──────── INFORMATION PROVIDED
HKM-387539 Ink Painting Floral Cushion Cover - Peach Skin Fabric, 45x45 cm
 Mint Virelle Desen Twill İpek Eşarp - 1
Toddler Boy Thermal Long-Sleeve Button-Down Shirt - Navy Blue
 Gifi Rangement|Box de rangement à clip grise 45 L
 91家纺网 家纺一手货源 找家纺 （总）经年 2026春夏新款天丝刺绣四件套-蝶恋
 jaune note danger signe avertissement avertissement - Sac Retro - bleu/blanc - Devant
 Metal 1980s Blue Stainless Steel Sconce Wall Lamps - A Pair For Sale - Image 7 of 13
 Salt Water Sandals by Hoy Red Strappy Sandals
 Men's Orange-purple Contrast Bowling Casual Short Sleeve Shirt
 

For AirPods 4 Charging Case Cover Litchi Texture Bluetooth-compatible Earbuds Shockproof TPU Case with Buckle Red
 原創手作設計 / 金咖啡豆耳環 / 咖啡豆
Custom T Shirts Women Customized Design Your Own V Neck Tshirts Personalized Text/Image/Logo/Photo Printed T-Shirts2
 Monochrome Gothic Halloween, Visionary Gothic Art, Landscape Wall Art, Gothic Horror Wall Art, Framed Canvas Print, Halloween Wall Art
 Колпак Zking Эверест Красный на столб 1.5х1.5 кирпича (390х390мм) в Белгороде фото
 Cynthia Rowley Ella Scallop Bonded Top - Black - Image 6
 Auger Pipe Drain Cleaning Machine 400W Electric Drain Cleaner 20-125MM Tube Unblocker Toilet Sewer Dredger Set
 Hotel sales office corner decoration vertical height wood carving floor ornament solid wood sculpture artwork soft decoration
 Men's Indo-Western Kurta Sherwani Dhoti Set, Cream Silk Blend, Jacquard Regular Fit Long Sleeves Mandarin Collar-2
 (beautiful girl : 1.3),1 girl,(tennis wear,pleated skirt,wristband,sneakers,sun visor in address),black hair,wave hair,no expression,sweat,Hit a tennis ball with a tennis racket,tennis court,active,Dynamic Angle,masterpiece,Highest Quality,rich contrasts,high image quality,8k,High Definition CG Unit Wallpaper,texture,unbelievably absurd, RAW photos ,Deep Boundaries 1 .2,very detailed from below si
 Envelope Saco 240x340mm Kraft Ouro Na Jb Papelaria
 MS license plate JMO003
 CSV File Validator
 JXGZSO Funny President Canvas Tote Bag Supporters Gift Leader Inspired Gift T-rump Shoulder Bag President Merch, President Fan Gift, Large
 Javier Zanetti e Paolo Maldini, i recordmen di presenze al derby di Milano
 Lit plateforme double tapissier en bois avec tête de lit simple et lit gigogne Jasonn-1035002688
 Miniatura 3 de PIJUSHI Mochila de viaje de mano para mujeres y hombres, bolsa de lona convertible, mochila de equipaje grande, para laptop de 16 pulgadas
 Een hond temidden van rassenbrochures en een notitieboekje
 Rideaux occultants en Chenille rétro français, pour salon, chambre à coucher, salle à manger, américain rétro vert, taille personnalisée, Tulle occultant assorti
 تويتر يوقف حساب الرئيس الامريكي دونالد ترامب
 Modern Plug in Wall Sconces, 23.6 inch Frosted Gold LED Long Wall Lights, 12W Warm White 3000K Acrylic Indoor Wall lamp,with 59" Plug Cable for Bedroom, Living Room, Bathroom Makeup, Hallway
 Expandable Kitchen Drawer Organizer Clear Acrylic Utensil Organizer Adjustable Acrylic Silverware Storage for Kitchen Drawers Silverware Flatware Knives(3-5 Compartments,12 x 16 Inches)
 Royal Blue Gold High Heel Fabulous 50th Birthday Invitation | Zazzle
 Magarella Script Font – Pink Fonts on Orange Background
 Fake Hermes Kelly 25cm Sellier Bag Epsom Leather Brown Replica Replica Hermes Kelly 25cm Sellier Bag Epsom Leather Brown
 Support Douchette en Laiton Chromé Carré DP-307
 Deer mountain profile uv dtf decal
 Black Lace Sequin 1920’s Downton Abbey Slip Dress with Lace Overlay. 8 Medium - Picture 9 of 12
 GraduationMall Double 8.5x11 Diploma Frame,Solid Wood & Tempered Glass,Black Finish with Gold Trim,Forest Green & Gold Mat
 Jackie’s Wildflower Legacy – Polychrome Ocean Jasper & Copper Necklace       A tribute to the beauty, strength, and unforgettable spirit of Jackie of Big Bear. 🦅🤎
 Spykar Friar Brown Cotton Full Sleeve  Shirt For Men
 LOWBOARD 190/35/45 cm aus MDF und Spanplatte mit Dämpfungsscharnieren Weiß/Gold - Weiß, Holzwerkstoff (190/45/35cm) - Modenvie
────────────────
Give back the records above, character for character.

HKM-387539 Ink Painting Floral Cushion Cover - Peach Skin Fabric, 45x45 cm
 Mint Virelle Desen Twill İpek Eşarp - 1
Toddler Boy Thermal Long-Sleeve Button-Down Shirt - Navy Blue
 Gifi Rangement|Box de rangement à clip grise 45 L
 91家纺网 家纺一手货源 找家纺 （总）经年 2026春夏新款天丝刺绣四件套-蝶恋
 jaune note danger signe avertissement avertissement - Sac Retro - bleu/blanc - Devant
 Metal 1980s Blue Stainless Steel Sconce Wall Lamps - A Pair For Sale - Image 7 of 13
 Salt Water Sandals by Hoy Red Strappy Sandals
 Men's Orange-purple Contrast Bowling Casual Short Sleeve Shirt
 

For AirPods 4 Charging Case Cover Litchi Texture Bluetooth-compatible Earbuds Shockproof TPU Case with Buckle Red
 原創手作設計 / 金咖啡豆耳環 / 咖啡豆
Custom T Shirts Women Customized Design Your Own V Neck Tshirts Personalized Text/Image/Logo/Photo Printed T-Shirts2
 Monochrome Gothic Halloween, Visionary Gothic Art, Landscape Wall Art, Gothic Horror Wall Art, Framed Canvas Print, Halloween Wall Art
 Колпак Zking Эверест Красный на столб 1.5х1.5 кирпича (390х390мм) в Белгороде фото
 Cynthia Rowley Ella Scallop Bonded Top - Black - Image 6
 Auger Pipe Drain Cleaning Machine 400W Electric Drain Cleaner 20-125MM Tube Unblocker Toilet Sewer Dredger Set
 Hotel sales office corner decoration vertical height wood carving floor ornament solid wood sculpture artwork soft decoration
 Men's Indo-Western Kurta Sherwani Dhoti Set, Cream Silk Blend, Jacquard Regular Fit Long Sleeves Mandarin Collar-2
 (beautiful girl : 1.3),1 girl,(tennis wear,pleated skirt,wristband,sneakers,sun visor in address),black hair,wave hair,no expression,sweat,Hit a tennis ball with a tennis racket,tennis court,active,Dynamic Angle,masterpiece,Highest Quality,rich contrasts,high image quality,8k,High Definition CG Unit Wallpaper,texture,unbelievably absurd, RAW photos ,Deep Boundaries 1 .2,very detailed from below si
 Envelope Saco 240x340mm Kraft Ouro Na Jb Papelaria
 MS license plate JMO003
 CSV File Validator
 JXGZSO Funny President Canvas Tote Bag Supporters Gift Leader Inspired Gift T-rump Shoulder Bag President Merch, President Fan Gift, Large
 Javier Zanetti e Paolo Maldini, i recordmen di presenze al derby di Milano
 Lit plateforme double tapissier en bois avec tête de lit simple et lit gigogne Jasonn-1035002688
 Miniatura 3 de PIJUSHI Mochila de viaje de mano para mujeres y hombres, bolsa de lona convertible, mochila de equipaje grande, para laptop de 16 pulgadas
 Een hond temidden van rassenbrochures en een notitieboekje
 Rideaux occultants en Chenille rétro français, pour salon, chambre à coucher, salle à manger, américain rétro vert, taille personnalisée, Tulle occultant assorti
 تويتر يوقف حساب الرئيس الامريكي دونالد ترامب
 Modern Plug in Wall Sconces, 23.6 inch Frosted Gold LED Long Wall Lights, 12W Warm White 3000K Acrylic Indoor Wall lamp,with 59" Plug Cable for Bedroom, Living Room, Bathroom Makeup, Hallway
 Expandable Kitchen Drawer Organizer Clear Acrylic Utensil Organizer Adjustable Acrylic Silverware Storage for Kitchen Drawers Silverware Flatware Knives(3-5 Compartments,12 x 16 Inches)
 Royal Blue Gold High Heel Fabulous 50th Birthday Invitation | Zazzle
 Magarella Script Font – Pink Fonts on Orange Background
 Fake Hermes Kelly 25cm Sellier Bag Epsom Leather Brown Replica Replica Hermes Kelly 25cm Sellier Bag Epsom Leather Brown
 Support Douchette en Laiton Chromé Carré DP-307
 Deer mountain profile uv dtf decal
 Black Lace Sequin 1920’s Downton Abbey Slip Dress with Lace Overlay. 8 Medium - Picture 9 of 12
 GraduationMall Double 8.5x11 Diploma Frame,Solid Wood & Tempered Glass,Black Finish with Gold Trim,Forest Green & Gold Mat
 Jackie’s Wildflower Legacy – Polychrome Ocean Jasper & Copper Necklace       A tribute to the beauty, strength, and unforgettable spirit of Jackie of Big Bear. 🦅🤎
 Spykar Friar Brown Cotton Full Sleeve  Shirt For Men
 LOWBOARD 190/35/45 cm aus MDF und Spanplatte mit Dämpfungsscharnieren Weiß/Gold - Weiß, Holzwerkstoff (190/45/35cm) - Modenvie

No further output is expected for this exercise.